The AI algorithm “Bigger, Better, Faster” masters 26 Atari games in just two hours, matching human efficiency.
Reinforcement learning is one of Google Deepmind’s core research areas, and could one day solve many real-world problems with AI. One big problem, however, is that it tends to be very inefficient: RL algorithms require a lot of training data and a lot of computing power. In their latest work, Google Deepmind and researchers from Mila and University of Montreal show that it can be done differently.
Bigger, Better, Faster learns Atari games in two hours
The Bigger, Better, Faster (BBF) model averaged superhuman performance on Atari benchmarks. This is nothing new – other reinforcement learning agents have beaten humans in Atari games.
However, BBF learns with only 2 hours of gameplay, which is the same amount of practice time that human testers can use in the benchmark. Thus, the model-free learning algorithm achieves human learning efficiency and requires significantly less computational power than older methods. Model-free agents learn directly from the rewards and punishments they receive through their interactions with the game world, without explicitly creating a model of the game world.
The team achieved this by using a much larger network, self-monitoring training methods, and other methods to increase efficiency. For example, BBF can be trained on a single Nvidia A100 GPU, whereas other approaches require much more computing power.
Further improvements are possible, Atari still a good benchmark
The team points out that BBF is not yet superior to humans in all games in the benchmark, which omits 29 of the 55 games typically used for RL agents.
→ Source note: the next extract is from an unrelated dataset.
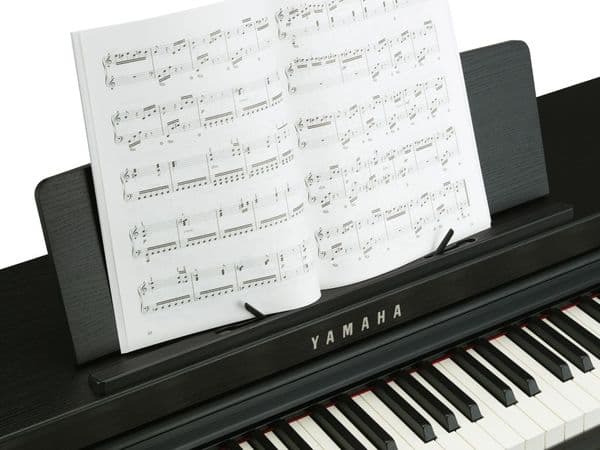 Yamaha CLP-725 Clavinova Digital Piano (CLP 725 CLP725)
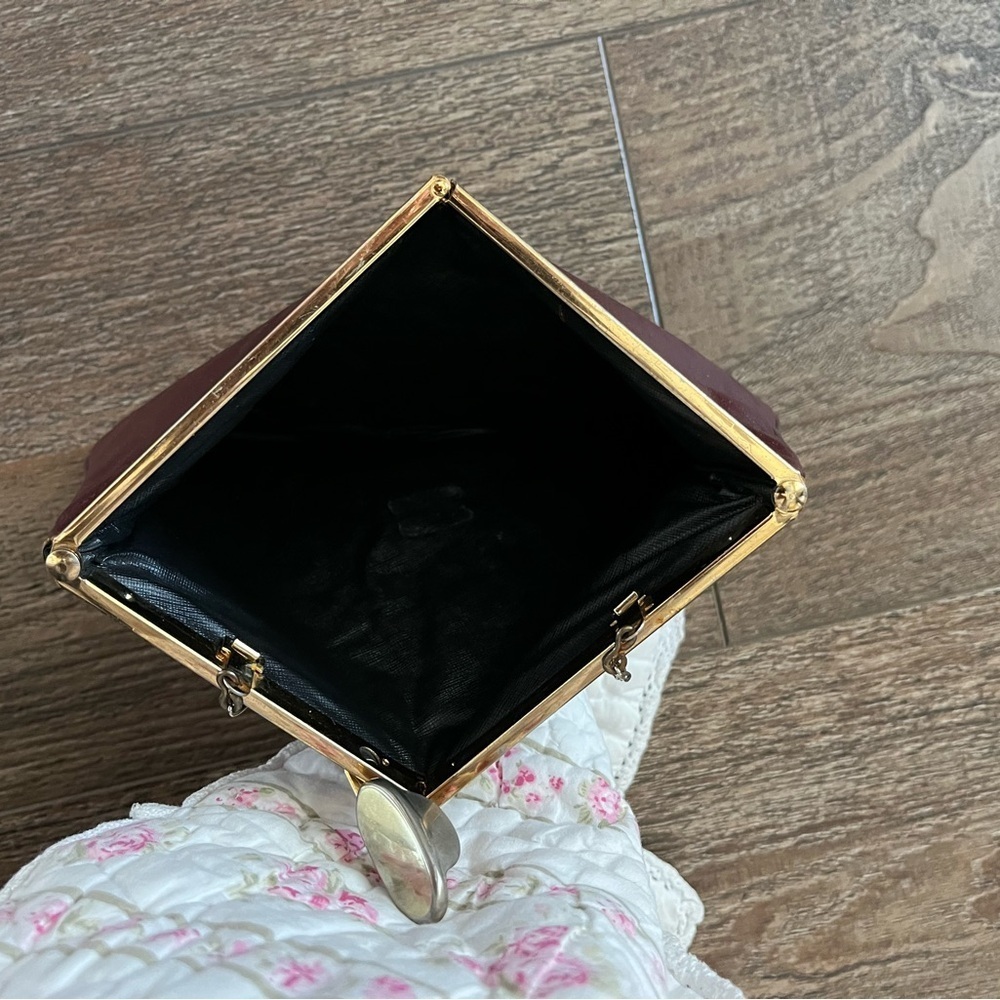 1960s Genuine Leather Maroon purse - Picture 10 of 10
However, comparing BFF to other models in all 55 games shows that the efficient algorithm is roughly on par with systems trained on 500 times more data.
The team also sees this as an indication that the Atari benchmark is still a good benchmark for RL, making the research fundable for smaller research teams.
Previous efficient RL algorithms have also shown weaknesses in scaling, whereas BFF has no limitations and continues to gain performance with more training data.
“Overall, we hope that our work inspires other researchers to continue pushing the frontier of sample efficiency in deep RL forward, to ultimately reach human-level performance across all tasks with human-level or superhuman efficiency,” the team concludes.
More efficient RL algorithms could re-establish the method in an AI landscape currently dominated by self-supervised models.